**Work request:** Print every line below exactly. Skip the pictures.
Top of Data for this exercise
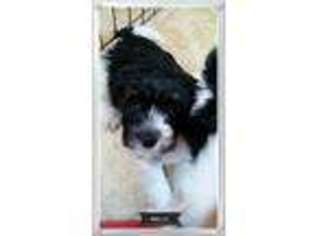 Havanese Puppy for sale in Middletown, VA, USA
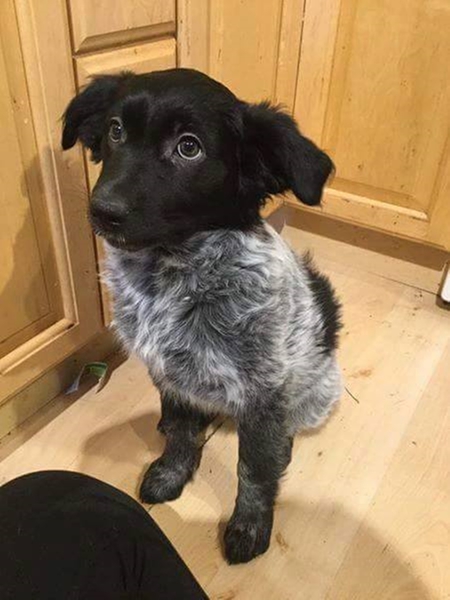 Entry image for Shyloh. Clicking this image will show a larger photo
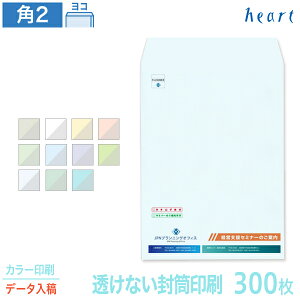   p2 Ȃ pXeJ[ 100g 300 J[ Sf[^e  A4 p`2   IWiyz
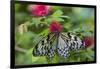 Rice Paper Butterfly, Butterfly Conservatory, Key West, Florida-Chuck Haney-Framed Premium Photographic Print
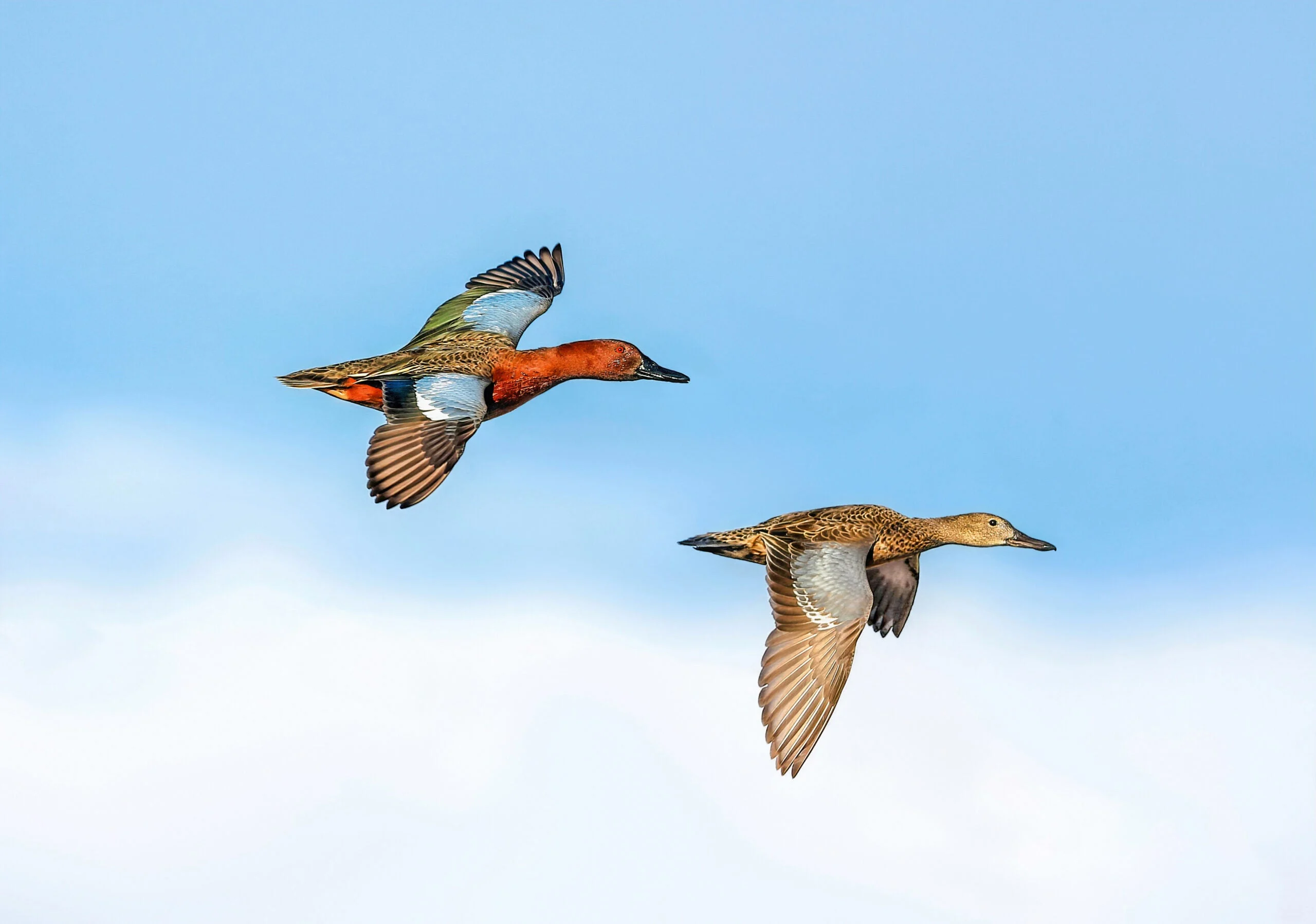 Drake and hen cinammon teal flying with blue sky in background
Bottom of Data for this exercise
**Answer:**
 Havanese Puppy for sale in Middletown, VA, USA
 Entry image for Shyloh. Clicking this image will show a larger photo
   p2 Ȃ pXeJ[ 100g 300 J[ Sf[^e  A4 p`2   IWiyz
 Rice Paper Butterfly, Butterfly Conservatory, Key West, Florida-Chuck Haney-Framed Premium Photographic Print
 Drake and hen cinammon teal flying with blue sky in background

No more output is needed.